Working with the Vector Index
Introduction
The Vector Index is part of the TopBraid AI Services. It facilitates similarity searches based on AI language models. This document describes how to enable the Vector Index for an asset collection and how to use it for Crosswalks and the AutoClassifier.
Enable the Vector Index
Enabling the Vector Index for an Asset Collection
All the TopBraid AI Service features, including the Vector Index, are bundled in the TopBraid AI Service
collection that needs to be included.
To do that, go to Settings
, Includes
:

Search on the top by name for AI Service
, check it, and press next
:

It’s required to define the classes and properties which should be used by the Vector Index.
That configuration can be found on the start page of the asset collection.
On the right, select Vector Index Configuration
.

Select the classes that should be indexed.
The screenshot shows an example for a taxonomy.
All instances of Concept
will be indexed with the content of the properties preferred label
and alternative label
.
Additional properties, describing the instance, like description
should be added if they are used.
Each instance requires a label for the indexing.
Based on the order, the first property that can be found will be used.
Properties marked as keyword will be used for keyword or hybrid search method.
Only label properties should be configured as keyword properties.
Description properties may contain keywords of related resources and could distort the search results.
It’s required to mark at least one property as a keyword property.

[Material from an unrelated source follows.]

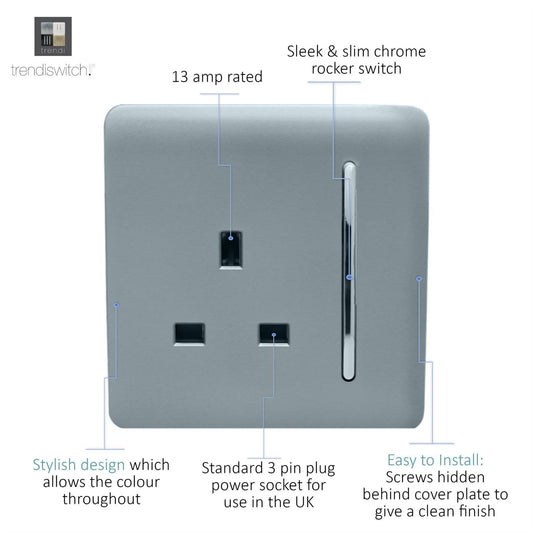 Trendi 1 Gang Artistic Modern Glossy 13 Amp Switched Tactile Plug Socket Cool Grey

If there are already instances of classes that should be indexed before the index was created, it’s required to push them initially.
This can be done using the Push to Vector Index
Modify action shown below.
All changes made after enabling the Vector index will be synchronized automatically.

The indexing can be done in foreground showing the progress, or in background. If there are more than 200 instances to index, run as background job should be set to true. In that case a notification will be shown once the indexing is done or if any errors have appeared.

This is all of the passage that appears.